** THE DATA **
• • •

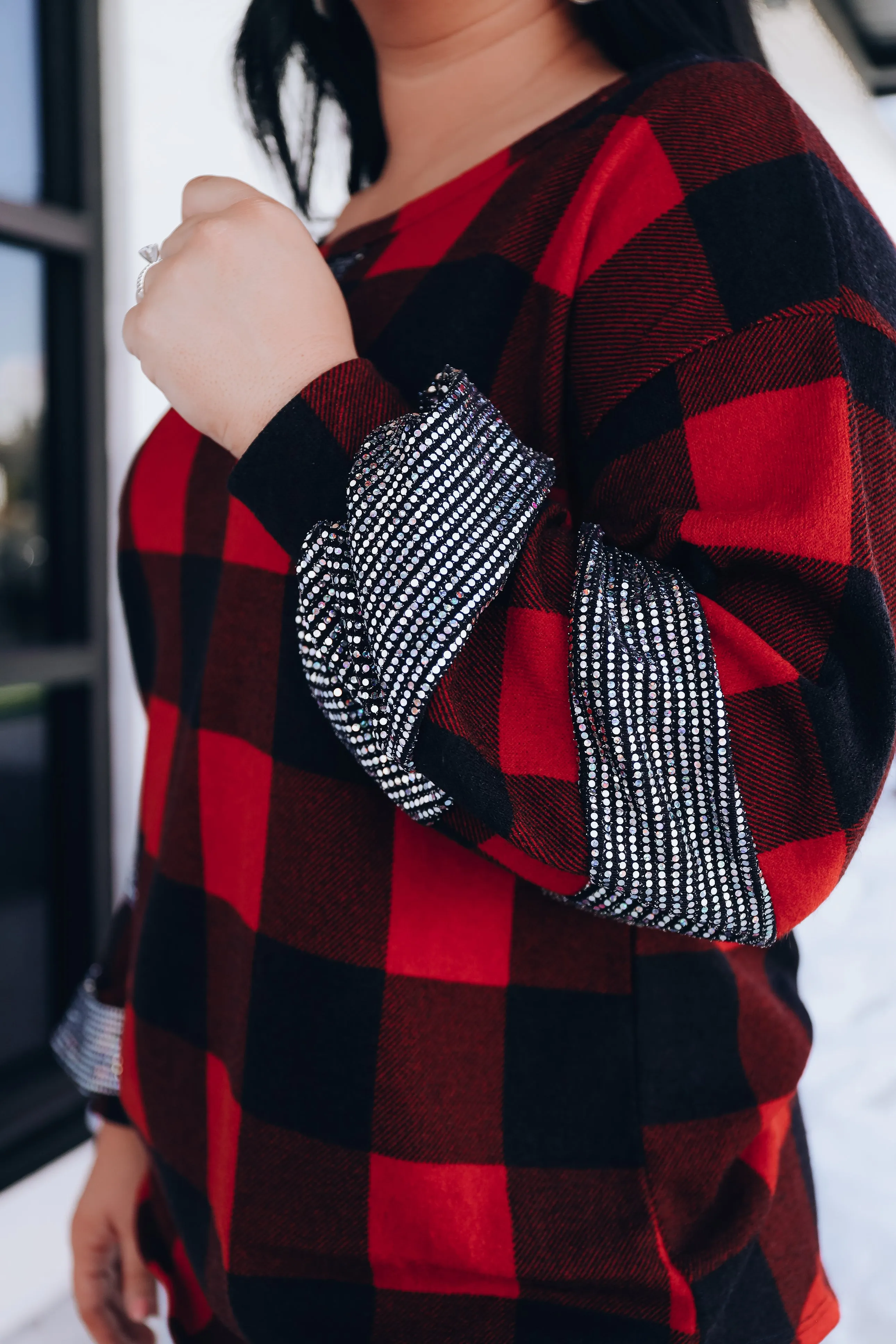 Bethany Buffalo Plaid Sequin Top- Red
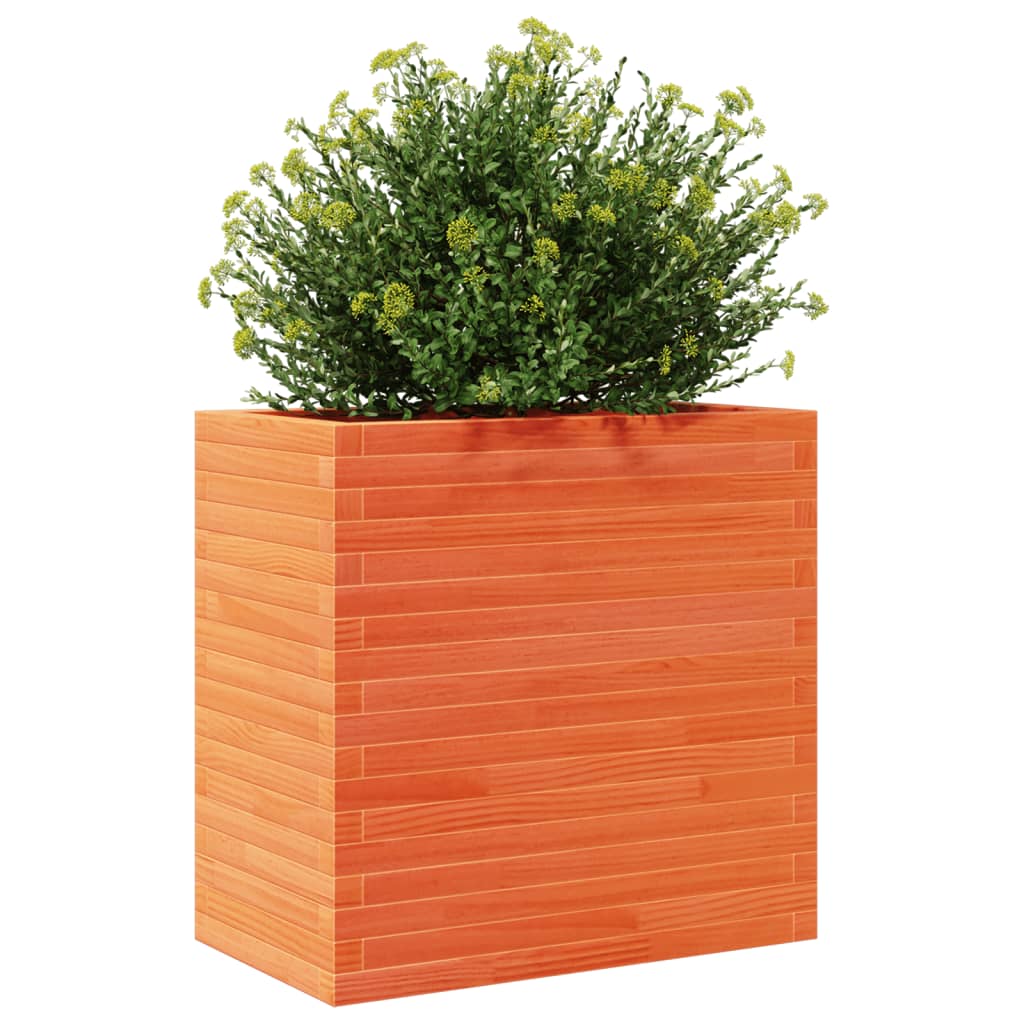 vidaXL Jardinière cire marron 70x40x68,5 cm bois de pin massif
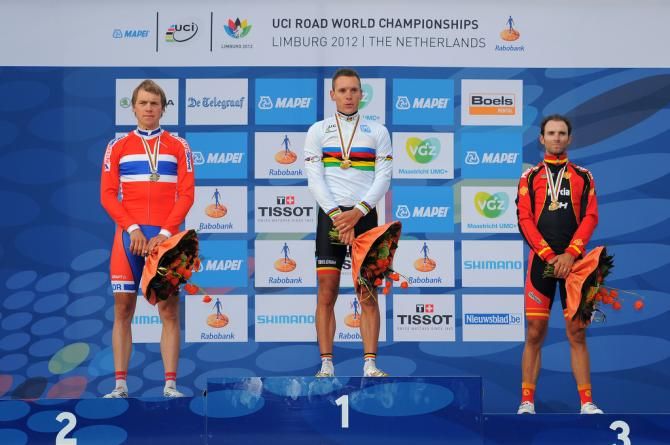 The 2012 podium (l-to-r): Edvald Boasson Hagen (Norway), Philippe Gilbert (Belgium) and Alejandro Valverde (Spain)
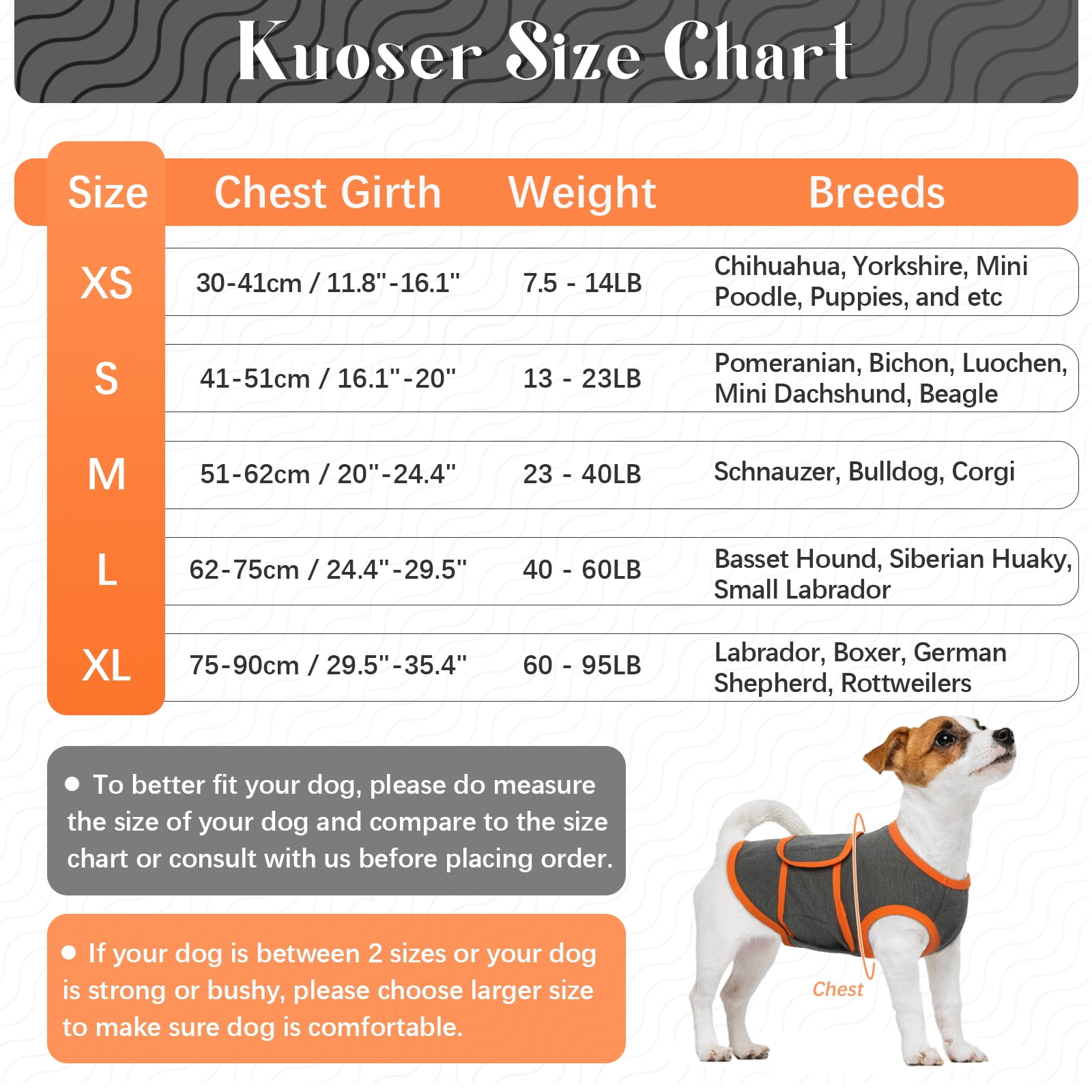Kuoser Dog Anxiety Vest, Soft and Reflective Calming Shirt for Dogs, Breathable Pet Anxiety Jacket Wrap for Fireworks, Thunderstorms, Separation, Travel, Gray, Small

• • •

** EXERCISE GOAL **
Once the pictures are removed, output the remaining material exactly.

** SOLUTION **
 Bethany Buffalo Plaid Sequin Top- Red
 vidaXL Jardinière cire marron 70x40x68,5 cm bois de pin massif
 The 2012 podium (l-to-r): Edvald Boasson Hagen (Norway), Philippe Gilbert (Belgium) and Alejandro Valverde (Spain)
Kuoser Dog Anxiety Vest, Soft and Reflective Calming Shirt for Dogs, Breathable Pet Anxiety Jacket Wrap for Fireworks, Thunderstorms, Separation, Travel, Gray, Small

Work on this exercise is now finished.